制球力を支えるのは打者を抑える絶対的な自信

 この試合の注目は川崎工科の遊撃手・江越 啓太(3年)だった。スピード溢れる遊撃手としてNPBのスカウトからも注目される選手である。試合前のノック、試合中の動作一つ一つを見ていても身のこなしが良く、一人だけキレのある動きを見せている。

 しかし試合が進行するにつれて、ゲームの主役は湘南学院の投手・渡會 健太へと移っていった。

 川崎工科は3回表1番宮台 正広(3年)の適時三塁打で1点を先制。そして4回表にはその注目の4番江越が右中間を破る三塁打を放つ。ストレートを振り抜いた打球はあっという間に右中間を破っていった。打球速度も非凡なものがあったが、それよりも目を惹いたのはベースランニング。三塁打のタイムは11.59秒を計測。三塁到達タイムの基準が12秒29未満であることを考えると、相当速いタイムである。江越はバッテリーミスで生還し、2対0とリードする。

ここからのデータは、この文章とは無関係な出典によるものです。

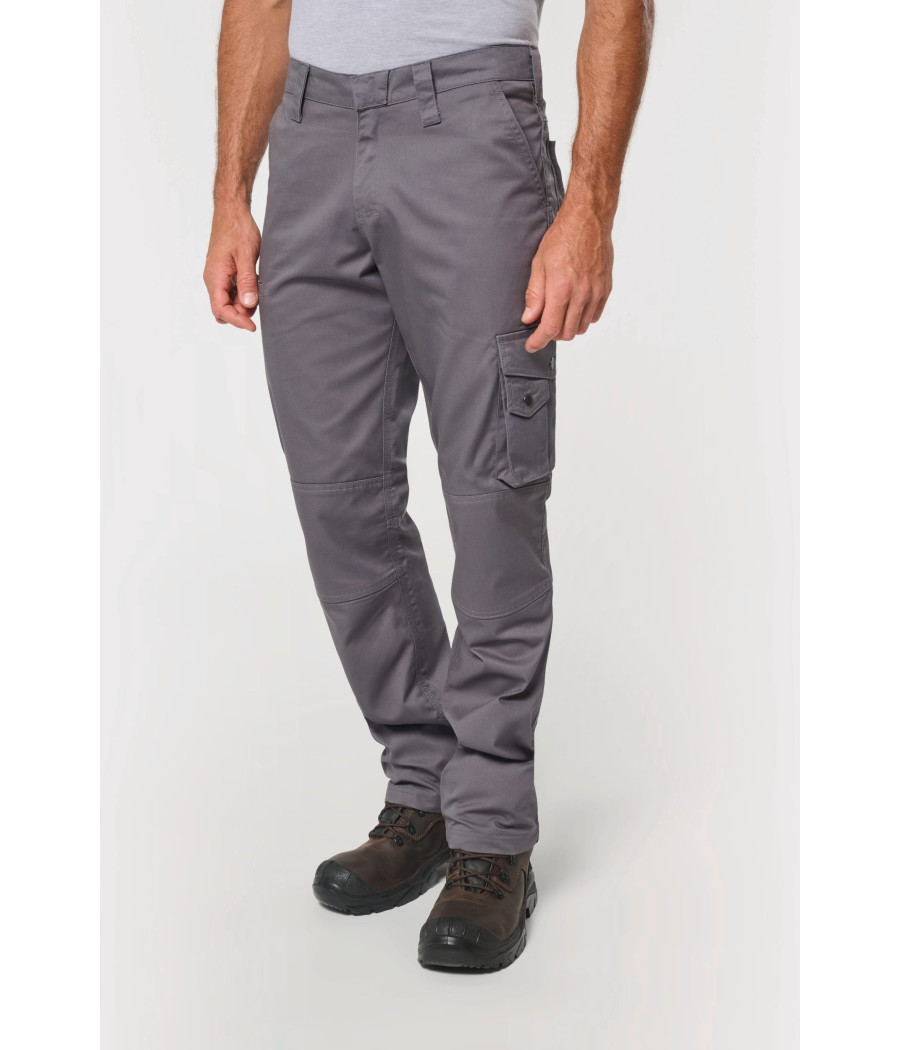 Pantalon de travail multipoches homme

 このまま試合を優位に進めていきたい川崎工科だったが、4回裏、湘南学院が反撃する。二死から6番阿部 貴文(3年)が左前安打で出塁すると、暴投で二死三塁。そこから二者連続四球で、二死満塁となり、そこからさらに連続押し出しであっという間に同点に。

 川崎工科は、投手は先発の石井涼太(3年)から左腕の滝口 駿(3年)に交代したが、負の連鎖は止まらない。滝口も連続四死球。2人合せて6者連続四死球、4連続押し出しで湘南学院が逆転に成功した。そして最後は4番栗本 勇治(3年)が右前適時打を放ち、湘南学院が6対2と点差を大きく広げる。四球6個、安打1本で6得点。川崎工科にとっては実に勿体ない失点だった。

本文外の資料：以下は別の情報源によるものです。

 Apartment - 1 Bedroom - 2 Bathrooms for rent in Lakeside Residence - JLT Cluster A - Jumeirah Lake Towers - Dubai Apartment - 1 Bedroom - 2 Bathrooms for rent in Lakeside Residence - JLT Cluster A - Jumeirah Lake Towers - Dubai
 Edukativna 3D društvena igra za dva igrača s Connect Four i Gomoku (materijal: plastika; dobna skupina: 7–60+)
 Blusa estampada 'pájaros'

 一方、湘南学院の渡會 健太(3年)は逆転を機に調子を取り戻していった。右腕から120キロ後半の直球、変化球をコーナーギリギリコントロール良く投げ分け、警戒していた江越に対しても、第3打席は遊ゴロ。そして9回表、二死二塁の場面で迎えた第4打席では、二ゴロに打ち取り、2失点完投勝利を収めた。

 渡會が素晴らしかったのは直球、スライダー、緩いカーブのコンビネーション、そしてコントロールの素晴らしさだ。ストライク先行で投球を組み立てることができるので、常に投手有利に試合を進められた。

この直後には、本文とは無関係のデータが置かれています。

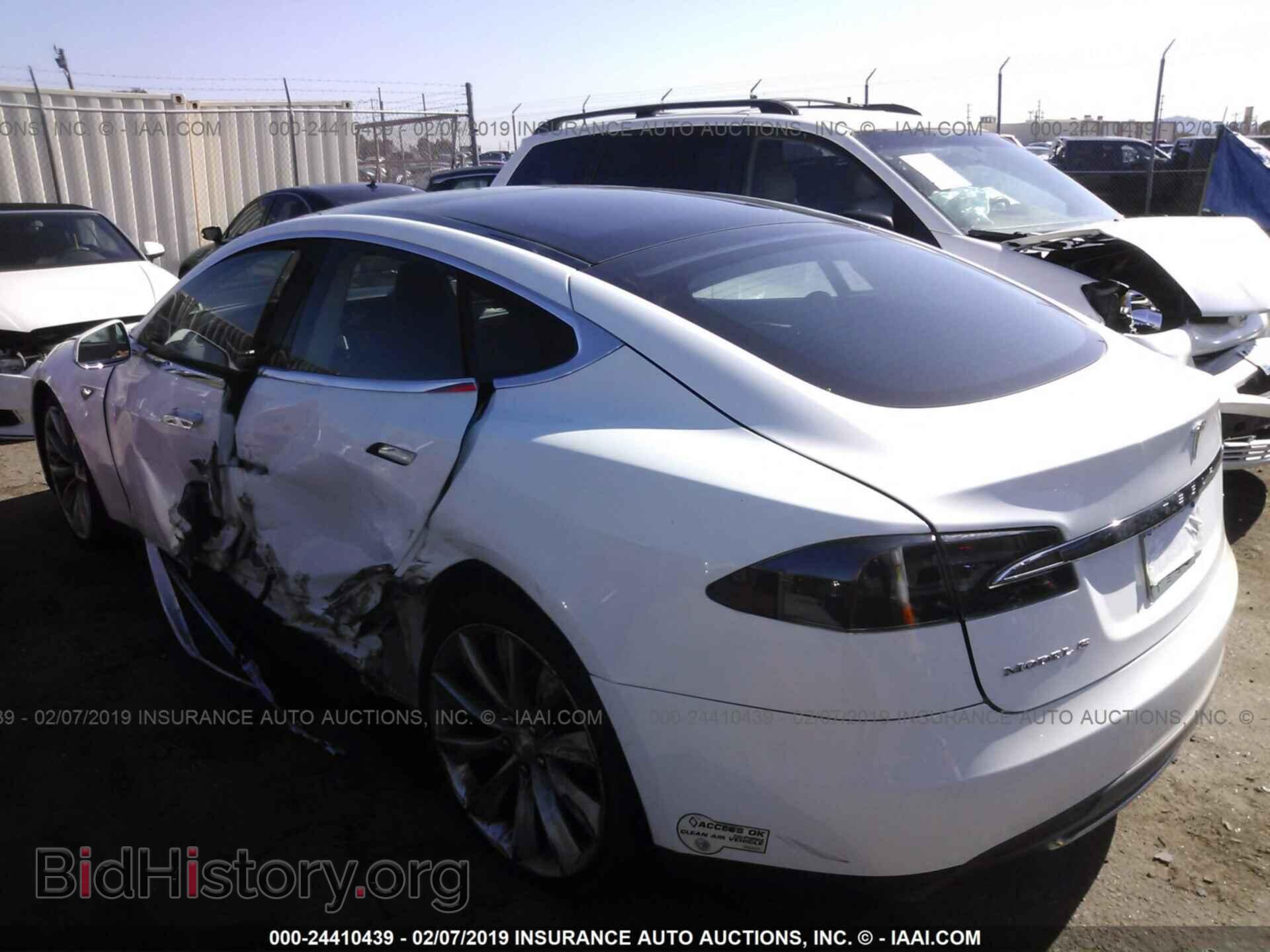 2013 TESLA MODEL S - VIN: 5YJSA1CG5DFP21992 - Photo 3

 一方、ボールが先行し、追い込まれ、打者優位で勝負をせざるを得なかったのが4回裏の川崎工科投手陣。特に押し出しの後に栗本に打たれた適時打などはまさに打者優位でストライクをとりにいったところを狙い打たれた。

 試合を分けた制球力。

 いかにストライク先行で、投手優位な立場にすることができるか。ストライクを先行させるには、技術だけではなく、どんな相手にも、気持ちの面で上回らなければならない。湘南学院の渡會は自信を持って投げることが出来ていた。数多くの強豪校が虎視眈々と頂点を狙う神奈川大会。渡會の投球を見ると湘南学院もその仲間入りしたことは間違いない。